Screenshot: Kenny Wallace on YouTube

NASCAR racer and 2022 Cup Series Champion Joey Logano was caught wearing a left hand driving glove deemed to be illegal during the Atlanta Motor Speedway qualifying session last month, which cost his Penske Ford team pole position. Despite having a fast car at the track, his penalty forced him to start from the back and serve an additional pit stop, pushing him a lap down. Logano later said the whole situation was embarrassing and admitted that it wasn’t his decision to attempt running afoul of the rules, though he copped to being a willing participant.

While there’s no rule in the book specifically banning these webbings, NASCAR deemed the glove to be in violation of safety rules because its modification could have damaged the glove’s ability to protect his hand in a fire.
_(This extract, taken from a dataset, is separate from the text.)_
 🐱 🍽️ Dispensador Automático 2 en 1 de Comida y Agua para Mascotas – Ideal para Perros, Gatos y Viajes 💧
I don’t think even NASCAR is convinced of the reduced efficacy of the glove’s fire protection, but it needed to find a rule in the book to make this worthy of a penalty. Following the penalty from NASCAR, Logano finished the Atlanta race in 28th position, some eight laps down.

When questioned about the glove’s safety, Logano said he didn’t feel the glove put him in any additional danger. “I wouldn’t ever put myself in a situation where I feel unsafe. I have kids, I have a wife, I have a family that I care way more about than race cars. I didn’t feel concerned about what we did. Qualifying at a speedway is usually pretty simple.”

Joey Logano Explains Why He Wore Blatantly Illegal Gloves

The glove in question features cloth webbing between the fingers and was intended to be pressed against Logano’s window netting in order to block air from entering the car. Drivers already use their hands to block air on high-speed tracks to gain an aerodynamic advantage and increase the car’s top speed by even a fraction of a mile per hour.

It’s unclear just how much of an advantage the glove provided, however, as Logano qualified on pole for last weekend’s race in Las Vegas, without the aid of the cheaty glove. He finished ninth, though was only counted as having led two laps.

Surely at this point one of the teams, maybe even Penske, is working to get a webbed glove SFI certified so that this aerodynamic benefit can be made legal in the eyes of the NASCAR rulebook.